ブリザードは『ワールド オブ ウォークラフト』向けに画期的だが賛否両論を呼びそうな新システムを開発中だ。これは最適なスペルローテーションを提案するゲーム内戦闘アシスタントで、自動発動モードもオプションで選択可能。ゲームディレクターのアイオン・ハジコスタスは、WoWのアクセシビリティとUIデザインの進化に関する詳細インタビューでこの「ローテーションアシスト」機能を明らかにした。
戦闘アクセシビリティの革命
ローテーションアシストシステムは、ブリザードがこれまでに開発した中で最も野心的なゲーム内ガイドツールだ。有効にすると、スペシャライゼーションと戦況に基づいて推奨アビリティを動的にハイライト表示する。より議論を呼ぶ「ワンボタン」モードでは、わずかなグローバルクールダウンペナルティ(手動操作の優位性を維持するため)が課されるものの、単一キー操作で提案されたスペルを自動的に実行できる。

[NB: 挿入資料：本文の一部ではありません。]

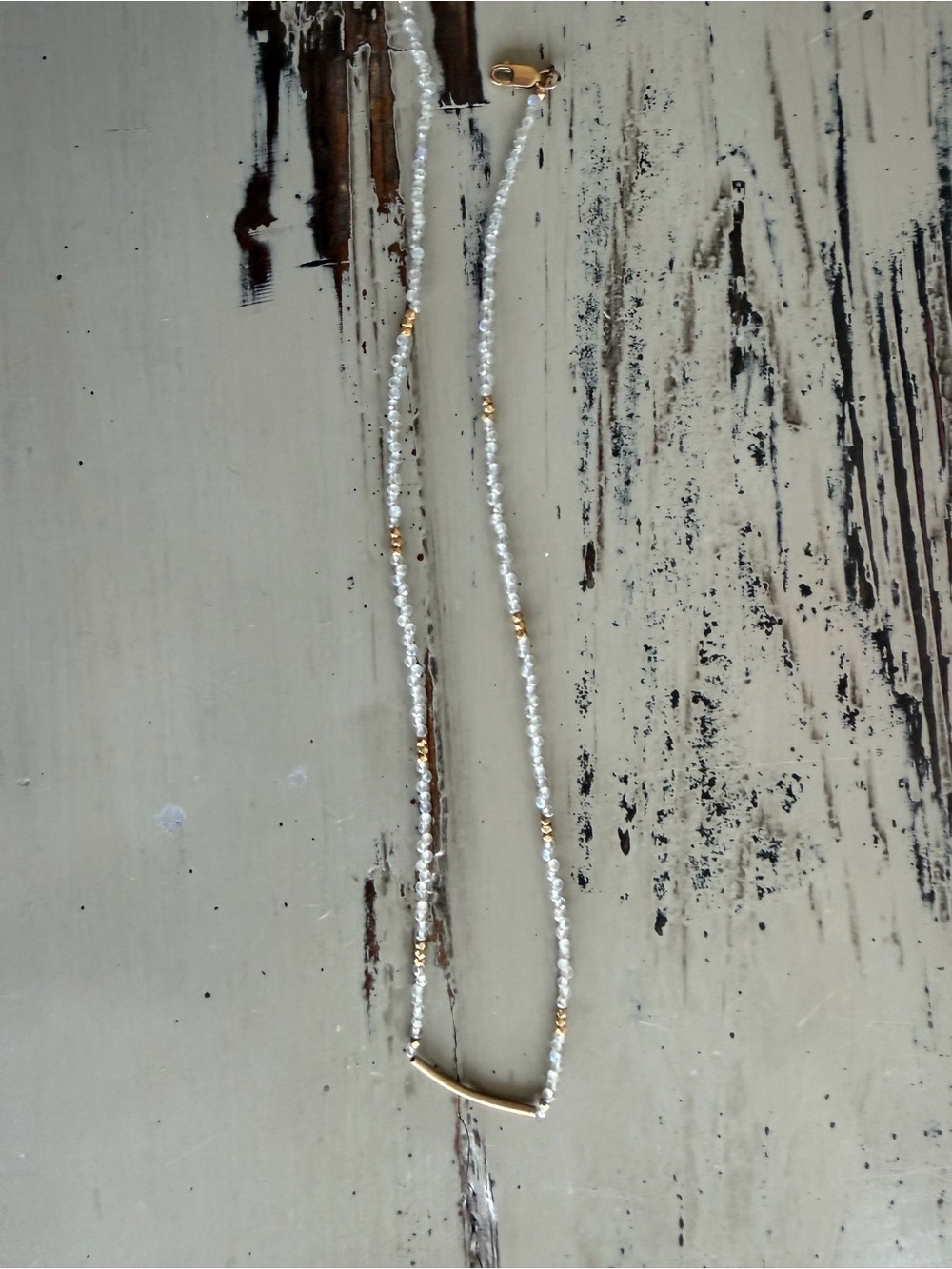 Lulu Design Delicate Moonstone Beaded Necklace with Gold Accents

ハジコスタスはこの施策について、「競技層と初心者の間のギャップを埋めることが目的」と説明。「ハイエンドゲームプレイを維持しつつ、スキルの底上げを図りたい。誰かが上達方法を尋ねた時に『アドオンをダウンロードしろ』と言わなくても済むようにしたい」と語った。
アドオン問題への対応
この機能は、Hekiliなどのサードパーティ製ツールへの依存度が高まっている現状に対する直接的な解決策だ。「アドオンは我々のデザイン哲学に想定以上に影響を与えてきた」とハジコスタスは認め、一部のレイド攻略には事実上WeakAurasが必要だったことを明言した。
自動化と技術のバランス
自動モードは意図的に手動操作より性能を落としているが、戦闘最適化に重点を置かないプレイヤーにとってのアクセシビリティ確保に貢献する。ハジコスタスは「複雑なローテーション習得を好まないプレイヤーもいる」と強調し、「挑戦を求める層にはそれを維持しつつ、異なるプレイスタイルを尊重したい」とドラゴンフライトの哲学に沿った設計だと説明した。

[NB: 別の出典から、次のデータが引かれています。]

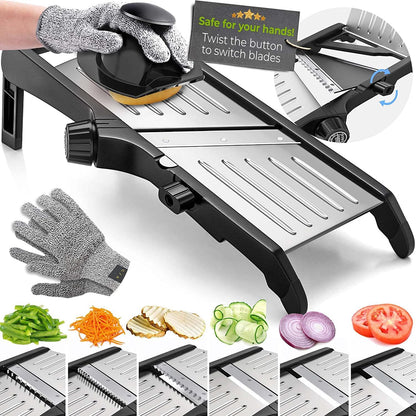 Vegetable Cutter with Adjustable Thickness and Safety Gloves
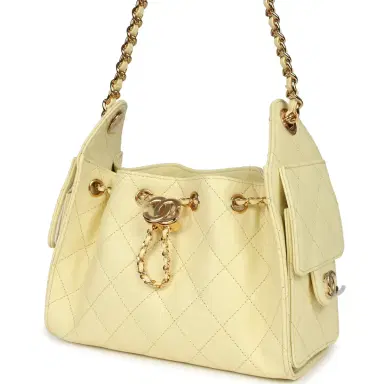 Chanel Chanel Mini 25 Hobo Bag Light Yellow Caviar Gold Hardware | Thumbnail 5 Chanel Chanel Mini 25 Hobo Bag Light Yellow Caviar Gold Hardware | Thumbnail 5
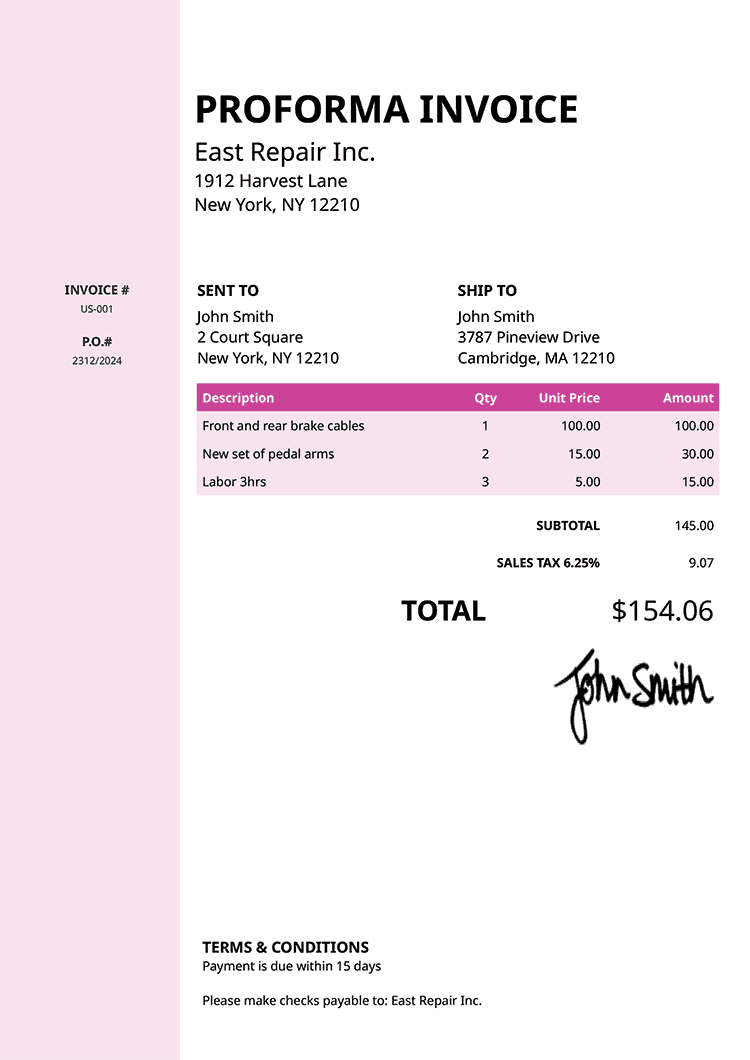 Proforma Invoice Template Us Column Pink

このシステムはタレント選択や戦況(単体目標対範囲攻撃)に知的に適応するが、ハジコスタスは「エリートプレイヤーの繊細な最適化には及ばない」と認めた。「これは確固たる基準線を築くためのもので、高レベルプレイを置き換えるものではない」と彼は明確にした。
アドオンと遭遇戦デザインの未来
ローテーションアシストはWoWのUI哲学におけるより広範な変化の先駆けだ。ブリザードは、特定の戦闘自動化機能を制限する前に、コアアドオン機能を段階的にネイティブ実装する予定だ。ただしハジコスタスは、制限対象は競技優位性に絞られ、カスタマイズやアクセシビリティツールは保護されると強調した。

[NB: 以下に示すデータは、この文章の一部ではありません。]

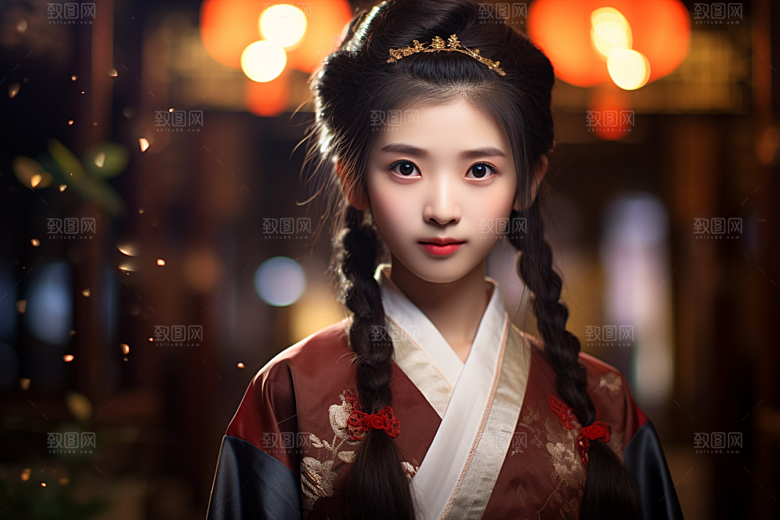 春节汉服女孩红色喜庆CG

「アドオン作者を締め出そうというわけではないが、サードパーティツールが遭遇戦デザインを歪めてきた事実は無視できない」とハジコスタスは述べ、アドオン自動化を回避するため現代レイドが「渦巻く地面効果」に過度に依存している現状を指摘。「長期的にはレイドメカニックの多様性を取り戻したい」と語った。
11.1.7アップデートはこの数年がかりの取り組みの始まりに過ぎず、ネイティブのダメージメーターやボスモッド機能も順次実装される見込み。WoWが20周年を迎える中、これらの変更は同作発売以来最も重要なUI哲学の再考を示している。